◆ **Task requirements**: Please retype every record exactly as it appears, omitting the pictures.

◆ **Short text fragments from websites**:
□ □ □
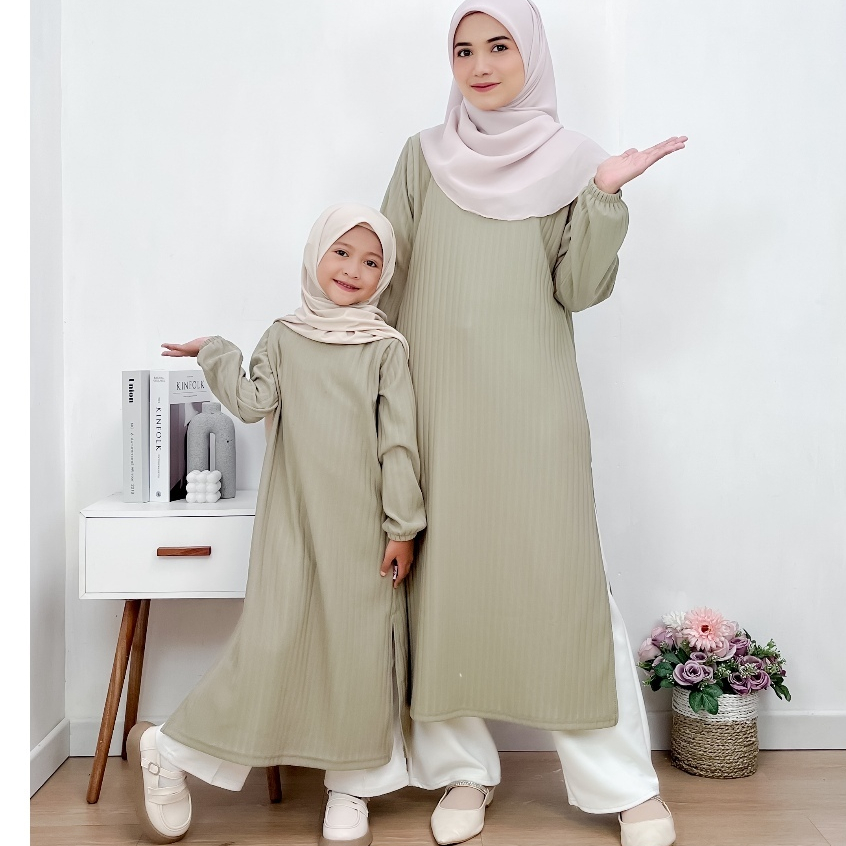 kirana - Baju Couple Ibu dan Anak Perempuan- tunik couple ibu anak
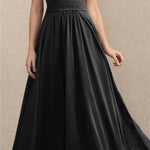 Genevieve | Women's Chiffon Maxi Dress - Black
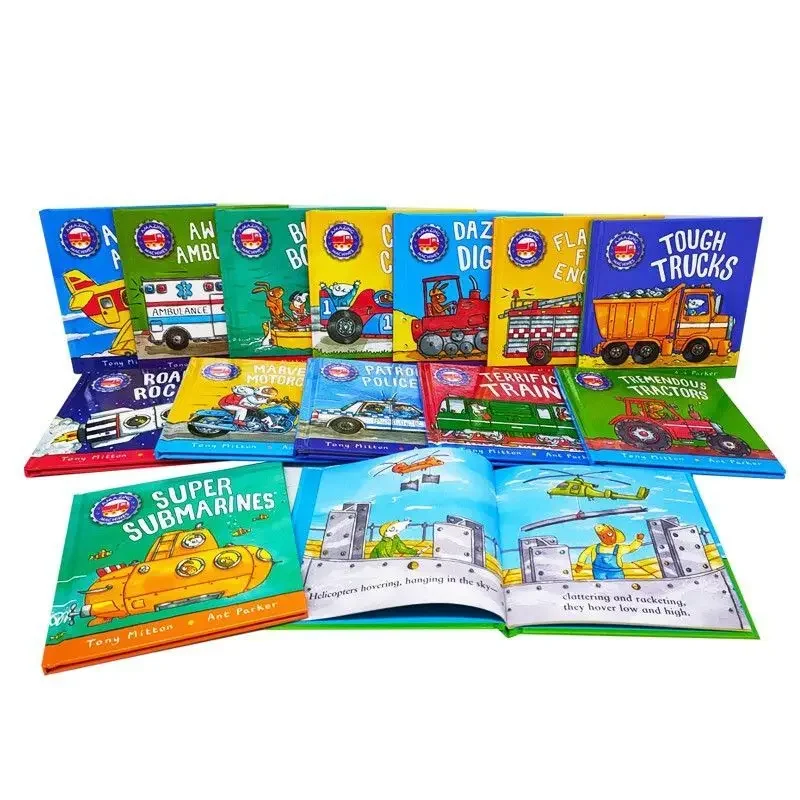 14 Books/set Amazing Machine:Big Truckload of Fun English Story Book Help Child Be Reader Early Education English Book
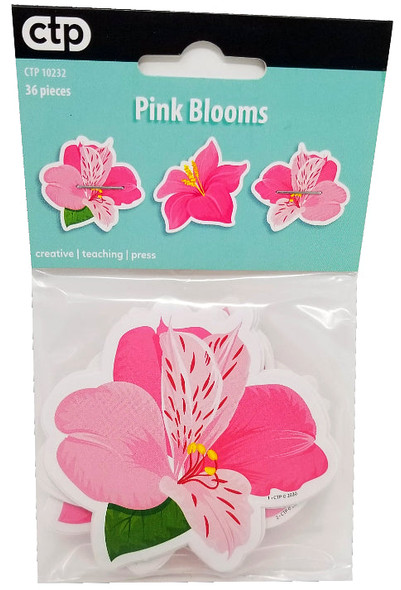 PALM PARADISE PINK BLOOMS CUT-OUTS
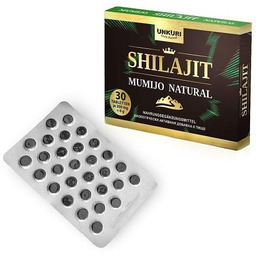 Mumijo Mumio Shilajit, UNKURI, 30 tabletek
□ □ □
◆ **Exercise response**:
 kirana - Baju Couple Ibu dan Anak Perempuan- tunik couple ibu anak
 Genevieve | Women's Chiffon Maxi Dress - Black
 14 Books/set Amazing Machine:Big Truckload of Fun English Story Book Help Child Be Reader Early Education English Book
 PALM PARADISE PINK BLOOMS CUT-OUTS
 Mumijo Mumio Shilajit, UNKURI, 30 tabletek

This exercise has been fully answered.